Talks continue on a new ballpark for the Lafayette Aviators (summer collegiate; Prospect League), and city officials are trying to pinpoint a timeline for the project.
The Aviators currently play at Loeb Stadium, a ballpark that opened in 1940 and is past the point where it could be renovated into a workable facility. With that in mind, the solution the city has discussed is to tear down the ballpark and construct a new facility on the same site.
Plans have called for the $10 million ballpark to seat 2,500, and to be equipped with a field turf that supports events other than baseball. Fellow Prospect League facility Kokomo Municipal Stadium has been cited as Lafayette’s model, and that ballpark’s design firm–the Indianapolis-based American Structurepoint–has been brought in to work on the Lafayette project.
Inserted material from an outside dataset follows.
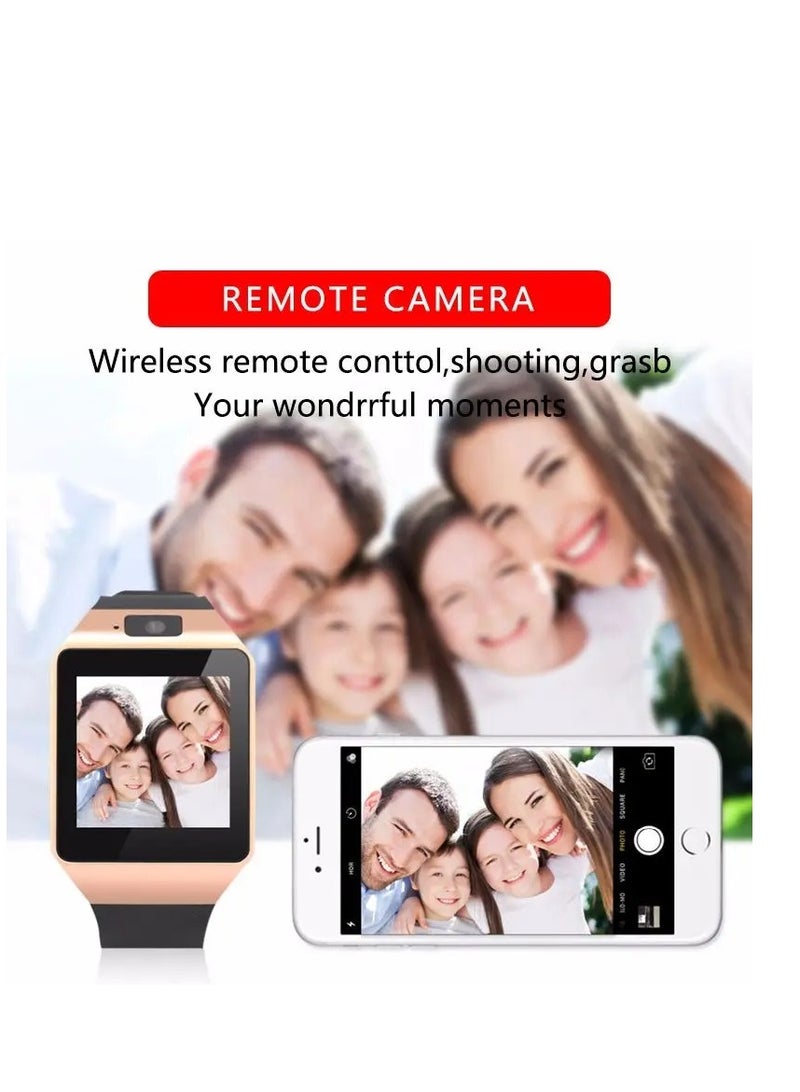 AROAQ DZ09 Bluetooth Smartwatch, Gold Touchscreen Wrist Smart Phone Watch, Sports Fitness Tracker With Sim SD Card Slot, Multifunctional Bluetooth Smartwatch For Kids Men Women - Image 4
A new ballpark could be in place by 2019, but there are questions about how the project could be completed without interrupting Loeb Stadium’s three main baseball seasons–those of Lafayette Jefferson High School, the Aviators, and the Colt World Series. One solution that has been discussed is to tear Loeb Stadium down after the 2018 Colt World Series, and having it up and running by the time Lafayette Jefferson begins its season.
While it has not been decided what course the city will take, this option is gaining some traction. More from the Lafayette Courier & Journal:
“That’s something, quite frankly, I didn’t think it was possible,” [mayor Tony] Roswarski said. “I’ve always thought about the two-season schedule but at the last steering committee meeting they thought it was possible.”
Dan McClosky, senior project architect at American Structurepoint, said it’s feasible to construct Lafayette’s new stadium, which will have a seating capacity of around 2,500, in less than one year.
In fact, Kokomo’s Municipal Stadium was built in a similar time period.
“It’s all about preplanning and getting everything staged up and ready to go,” McCloskey said. “There’s a water line under the field but that can be done at a different time. That takes out some of the unknowns that might delay the construction period.”